Bunch of clouds gliding towards each other remind me of friends rushing to greet.  Colorful clouds, especially during dawn and dusk say that nature is the greatest painter!
See, with a crazy habit of watching the skies I am gifted with secret friends, with whom I communicate in my own terms. They keep coming to me at right times and add color to my life! 

I flow along with the clouds and see how they shape up. Best ideas, solutions come to me while I watch them. Whenever I’m at crossroads, I look up to my secret friends, clouds. They are there, as always!

Thursday

Adapting and Communicating in a Foreign Country

Distant pastures are always greener, this is true in every walk of life. Once, I used to think that living abroad would be a great pleasure. How naive I was! Now after few yrs of being an expat, I have mixed feelings and am trying to gauge my thoughts...

At first, in Kuching (East Malaysia), I enjoyed the pleasant climate and good-natured people. I used to communicate by sign language with a neighbor, because both of us didn't know a common language.

Later in Kuala Lumpur (West Malaysia), even though many spoke English, at first it was difficult to understand their accent and style. Others used to say the same thing about my accent as well. After being there for 5+ years, more or less I started to speak/communicate like locals.
Now, here in UK, for the first few days it was like re-inventing the cycle, in terms of communicating with the locals. At a super market till, the cashier asked me something twice and I couldn't catch it. It sounded like this:

Chu nida bae?
She had to repeat it for the third time and finally I understood that she was asking me:

do you need a bag?
I was a bit embarrassed and lamented about this to a friend. Um, well, her experience gave me more confidence because she told that in her early days, she could never understand anything, even if the same thing was repeated several times! Nowadays, to overcome this situation, whenever I travel in public transport or be in a public area, I try to catch up with the conversation that goes on around me, but the intention is not eavesdropping:)

So far, I have never heard should, must or for that matter they don't even use can you. They are always polite. Let me share an experience to show their politeness or rather use of language. When you travel by bus, besides regular stops, there are several Request Stops. If you happen to wait at this type of bus stop, you need to wave your hand, to signal the driver that you need to get in.
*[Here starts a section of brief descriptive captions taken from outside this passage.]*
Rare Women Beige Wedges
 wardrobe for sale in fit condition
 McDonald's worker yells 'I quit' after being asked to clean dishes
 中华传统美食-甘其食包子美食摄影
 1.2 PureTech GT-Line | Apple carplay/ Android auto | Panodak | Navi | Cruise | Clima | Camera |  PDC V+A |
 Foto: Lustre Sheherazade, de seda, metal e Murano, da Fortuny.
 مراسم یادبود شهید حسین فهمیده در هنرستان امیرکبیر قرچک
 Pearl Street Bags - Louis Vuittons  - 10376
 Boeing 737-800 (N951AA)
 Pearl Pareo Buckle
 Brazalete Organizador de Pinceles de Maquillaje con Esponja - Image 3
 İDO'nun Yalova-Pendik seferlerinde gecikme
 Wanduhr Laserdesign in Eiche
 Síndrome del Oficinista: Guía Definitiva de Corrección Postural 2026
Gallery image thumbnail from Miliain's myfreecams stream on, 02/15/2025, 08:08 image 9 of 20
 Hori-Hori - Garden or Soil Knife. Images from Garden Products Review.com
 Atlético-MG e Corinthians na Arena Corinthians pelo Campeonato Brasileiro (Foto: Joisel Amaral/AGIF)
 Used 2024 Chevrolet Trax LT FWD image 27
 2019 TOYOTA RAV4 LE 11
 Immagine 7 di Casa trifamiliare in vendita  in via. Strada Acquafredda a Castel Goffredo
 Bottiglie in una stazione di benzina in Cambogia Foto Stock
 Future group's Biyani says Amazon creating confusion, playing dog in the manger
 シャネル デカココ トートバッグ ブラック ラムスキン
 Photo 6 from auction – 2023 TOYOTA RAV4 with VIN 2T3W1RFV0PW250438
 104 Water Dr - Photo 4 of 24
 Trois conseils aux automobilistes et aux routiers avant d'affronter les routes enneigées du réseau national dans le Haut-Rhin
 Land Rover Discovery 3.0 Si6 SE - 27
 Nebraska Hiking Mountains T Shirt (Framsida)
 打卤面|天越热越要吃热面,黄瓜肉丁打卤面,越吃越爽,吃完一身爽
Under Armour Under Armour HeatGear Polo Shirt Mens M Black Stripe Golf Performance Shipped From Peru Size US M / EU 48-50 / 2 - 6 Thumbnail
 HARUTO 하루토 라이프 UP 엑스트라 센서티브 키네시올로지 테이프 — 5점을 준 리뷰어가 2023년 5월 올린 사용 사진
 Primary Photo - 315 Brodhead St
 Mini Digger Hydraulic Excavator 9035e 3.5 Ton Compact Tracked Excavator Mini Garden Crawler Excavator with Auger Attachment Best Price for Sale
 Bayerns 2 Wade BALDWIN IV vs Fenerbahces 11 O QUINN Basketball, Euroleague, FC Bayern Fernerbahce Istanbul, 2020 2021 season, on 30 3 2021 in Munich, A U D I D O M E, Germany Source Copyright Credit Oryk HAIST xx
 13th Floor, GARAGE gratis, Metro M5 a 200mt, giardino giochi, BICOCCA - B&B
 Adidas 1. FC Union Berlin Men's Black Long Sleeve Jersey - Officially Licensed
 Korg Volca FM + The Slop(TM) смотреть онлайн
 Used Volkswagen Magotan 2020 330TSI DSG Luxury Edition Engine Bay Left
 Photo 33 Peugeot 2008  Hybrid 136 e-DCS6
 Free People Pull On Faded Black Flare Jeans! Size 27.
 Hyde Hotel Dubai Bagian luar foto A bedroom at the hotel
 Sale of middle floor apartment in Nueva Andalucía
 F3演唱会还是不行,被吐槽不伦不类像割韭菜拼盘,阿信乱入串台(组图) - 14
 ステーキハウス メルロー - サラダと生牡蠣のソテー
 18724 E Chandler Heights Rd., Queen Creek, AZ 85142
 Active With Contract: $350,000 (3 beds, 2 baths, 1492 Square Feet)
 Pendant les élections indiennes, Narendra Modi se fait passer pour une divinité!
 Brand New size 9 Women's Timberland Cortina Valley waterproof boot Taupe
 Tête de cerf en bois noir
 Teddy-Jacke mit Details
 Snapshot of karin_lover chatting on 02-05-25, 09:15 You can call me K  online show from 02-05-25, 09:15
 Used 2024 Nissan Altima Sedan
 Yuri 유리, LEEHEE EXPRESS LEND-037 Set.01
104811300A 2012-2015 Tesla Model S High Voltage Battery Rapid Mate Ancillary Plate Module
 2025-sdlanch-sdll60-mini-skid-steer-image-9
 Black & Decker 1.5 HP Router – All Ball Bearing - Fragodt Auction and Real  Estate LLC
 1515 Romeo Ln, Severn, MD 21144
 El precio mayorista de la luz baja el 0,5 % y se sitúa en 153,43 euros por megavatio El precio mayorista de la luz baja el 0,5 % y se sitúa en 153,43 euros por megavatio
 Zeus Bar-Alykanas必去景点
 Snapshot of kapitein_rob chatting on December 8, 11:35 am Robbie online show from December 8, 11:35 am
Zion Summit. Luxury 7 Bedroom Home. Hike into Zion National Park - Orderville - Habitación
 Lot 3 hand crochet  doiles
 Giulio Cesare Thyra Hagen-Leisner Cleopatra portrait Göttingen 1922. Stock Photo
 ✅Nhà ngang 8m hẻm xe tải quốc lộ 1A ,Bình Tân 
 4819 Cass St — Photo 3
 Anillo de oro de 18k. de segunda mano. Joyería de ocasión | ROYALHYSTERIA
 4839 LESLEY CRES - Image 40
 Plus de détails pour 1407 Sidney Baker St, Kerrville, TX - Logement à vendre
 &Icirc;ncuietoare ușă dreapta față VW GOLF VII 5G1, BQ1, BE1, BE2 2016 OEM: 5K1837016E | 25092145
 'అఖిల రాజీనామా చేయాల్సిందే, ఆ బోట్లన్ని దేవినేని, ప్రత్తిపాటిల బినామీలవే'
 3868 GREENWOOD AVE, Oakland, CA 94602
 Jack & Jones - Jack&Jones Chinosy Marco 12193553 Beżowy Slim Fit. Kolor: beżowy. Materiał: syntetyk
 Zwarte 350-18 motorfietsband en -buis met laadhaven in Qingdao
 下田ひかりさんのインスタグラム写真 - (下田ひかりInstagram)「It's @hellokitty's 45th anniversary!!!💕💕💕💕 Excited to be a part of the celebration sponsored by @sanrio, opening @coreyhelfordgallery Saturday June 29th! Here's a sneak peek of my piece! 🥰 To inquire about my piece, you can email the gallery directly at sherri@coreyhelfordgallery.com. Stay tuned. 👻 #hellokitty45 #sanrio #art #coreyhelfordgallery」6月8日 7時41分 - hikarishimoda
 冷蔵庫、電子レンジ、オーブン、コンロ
Similarly, if you have to get down at these stops you need to press the red buzzer in the bus.

Say, if you were unable to reach the buzzer, you would be requesting someone nearer to help you, right? I would have probably said "excuse me, please press the buzzer". But, I overheard someone's request, which was: Could you please ring the bell for me? That too with a pleasant smile. After that, she was profusely thanking the other person.

Saying thanks and sorry for even very small incidents is a part of the British culture. A friend, jokingly commented that these phrases are too natural and sometimes it looks like automated words without meaning, but so far, I have not had any negative experience in this area.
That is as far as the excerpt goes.